11月某日、快晴。
車が古殿町に入ると両側を山に挟まれたどこか懐かしさを感じる風景。紅葉はまさに見ごろで、道路に舞い降りる落ち葉がノスタルジーを増幅させている。
実は造り酒屋へ単独訪問するのは今回が初めてで、年甲斐もなく緊張している。昔気質の職人さんに失礼が無いようにしなければ。国道349号に出ると町役場もある古殿の中心部へ。
「御免下さい。」お酒を買いに来こられた先客がいらっしゃったので、しばしお店の隅で店内を眺めて待つ。スーパーやコンビニでも日本酒は売っているけれど、ここで並んでいるお酒はやはり趣あるなぁ。伝統に触れると日本人に生まれて良かったとしみじみ感じる。
お話を伺ったのは、豊國酒造9代目矢内賢征さん。若く溌剌とされている。
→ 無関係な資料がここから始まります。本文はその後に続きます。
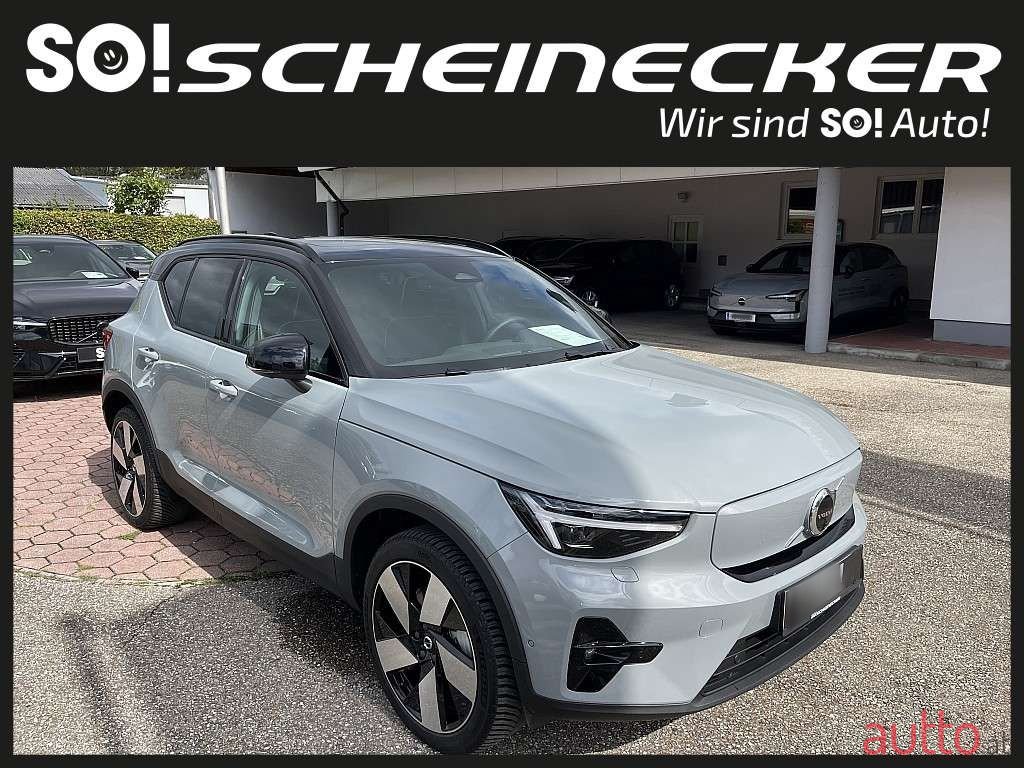 2024' Volvo XC40 photo #1
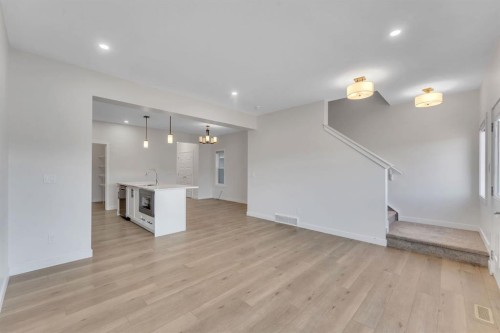 1489 Bayview Point Sw, Airdrie, AB - Indoor Photo Showing Other Room
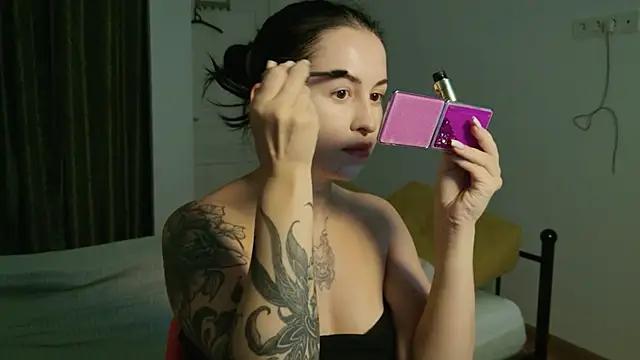 VioletCatt online show from 10/04/25, 05:38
今回訪れるきっかけとなった一歩己を造られた方で、訪問当時で33歳。懐かしさがある古殿町と洗練された矢内さんとの組み合わせが対極にあって(失礼)、それでいて頼もしい。進学で古殿町を離れていた矢内さんは卒業と同時に酒造りの道へ。「新しい酒を造りたい」そこからほどなくして一歩己は完成する。こちらで造られる日本酒はとにかく古殿町に根付いている。「古殿町の喜怒哀楽に寄り添いたい。」日本酒の地酒・ブランド化が進む時代に、古殿町では、酒と言えば豊國酒造である。原料は古殿町で育った米、水、そして働く蔵人もすべて古殿町民だという。
地域の誇りでありたいと言う矢内さんがなんだか羨ましくなる。純・古殿町の酒、地域との深いつながり。造る側も呑む側も両方が同じ愛情で結びついている。今回は、仕込みの真っ最中ということで、製造工程を垣間見ることはできなかったが、12月に出来上がる今年の新酒が楽しみだ。